A humorous piece published in January 2015 for the old Amsterdam Mamas website.
December is brilliant: It’s like a month long orgy of whatever you fancy. You are seasonally obliged to consume four times your usual calorie intake, or risk being branded ‘unfestive’, which is unthinkable. Indeed, the food for this period is all about being as greedy as possible.
While, for eleven months of the year, we are happy with a bit of butter on our vegetables and a dash of cream on our desserts, nothing is regarded as suitable for the festive season unless it is laden with cloves, brandy, cranberries and other sweet and spicy emblems of Christmas-ness. Unbridled consumerism is also a wonderful release from all the sensible behaviour the rest of the year; present shopping inevitably doubles as sale shopping for yourself: you deserve it; you’re being so generous to others, after all.
And then, like (and often with) a bad hangover, January arrives. You’ve made it safely through December but nothing looks quite the same as it did the month before.
Chocolate incites nausea due to festive overload and your body and brain are seriously dehydrated from the substitution of water for alcohol. Your trusty ‘going out’ trousers are slicing your bottom in two and doing a dodgy double-muffin at the front.
And, as if your waistline isn’t squeezed enough already, your bank balance, which has turned a Christmassy red, is a clear indication that some financial belt-tightening is in order if you are to weather January, the coldest month of the year, and its extra heavy demands on your utility bills.
As if your waistline isn’t squeezed enough already, your bank balance, which has turned a Christmassy red, is a clear indication that some financial belt-tightening is in order.
If December is all about excess, then January is surely about abnegation. The feasting must come to an abrupt stop when the gong of midnight sounds and, instead of the feeding frenzy that we and our children have been enjoying, suddenly, and rather disappointingly, it is the season of abstinence.

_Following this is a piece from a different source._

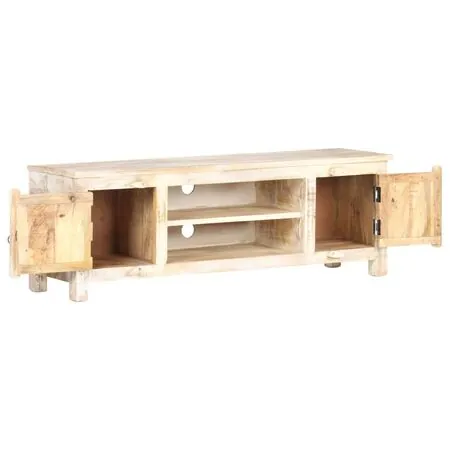 Comodă TV, 120 x 30 x 40 cm, lemn de acacia nefinisat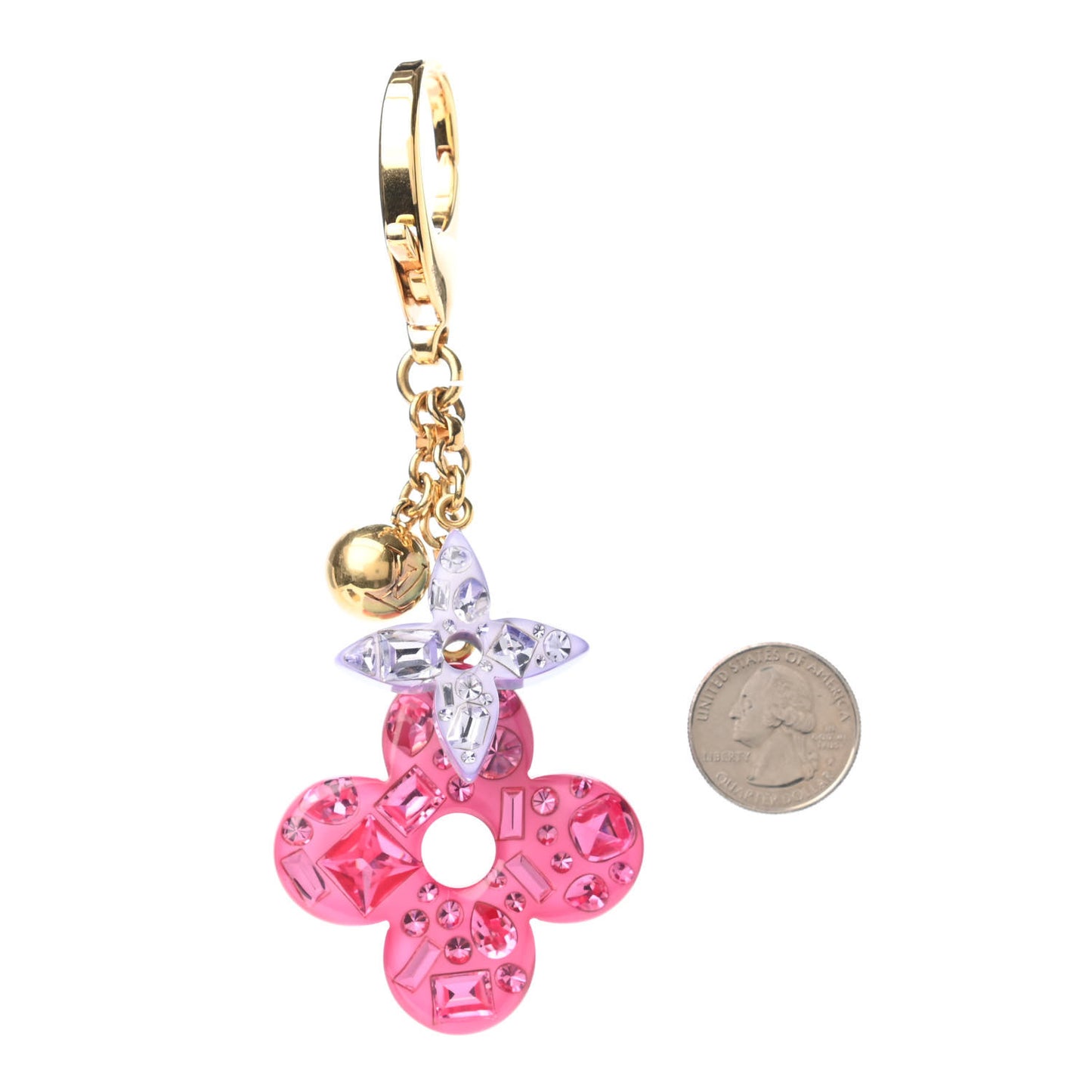 Resin Strass Glam Flower Bag Charm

Shopping lists, full of luxuries, are replaced with enumerated resolutions, an overhang from the Puritans, impelling us to take some responsibility for our behaviour and undertake acts of self-denial. If December is all about loading up (your plate, your glass, your shopping trolley…) then January is, conversely, all about giving up (tobacco, booze, oliebollen etc.) and it’s not nearly as much fun.
But if, like Janus, the two-headed god who gives January its name, we continue to glance back as well as forward, we may overlook all the good things that January can bestow. The shortest day, for example, is now behind us and the days are getting longer. Those chintzy decorations have stopped cluttering the house and, unless you are fond of hoovering, we’re all secretly glad to see the back of pepernoten.
And maybe those resolutions will prove to add more to our lives than they appear to take away. Maybe the dieting, teetotalism, quitting smoking and so on, will help you gain energy, health and confidence, while lining your pocket with money that can be put to better use. Maybe being nice to people will pay forward. Maybe those pesky Puritans were right after all.
Sound good? Anyway, lump it or like it, it’s January, it’s a new year and, for many of us, a new start. And if you are still pining for excess, there’s always the January sales. Happy New Year!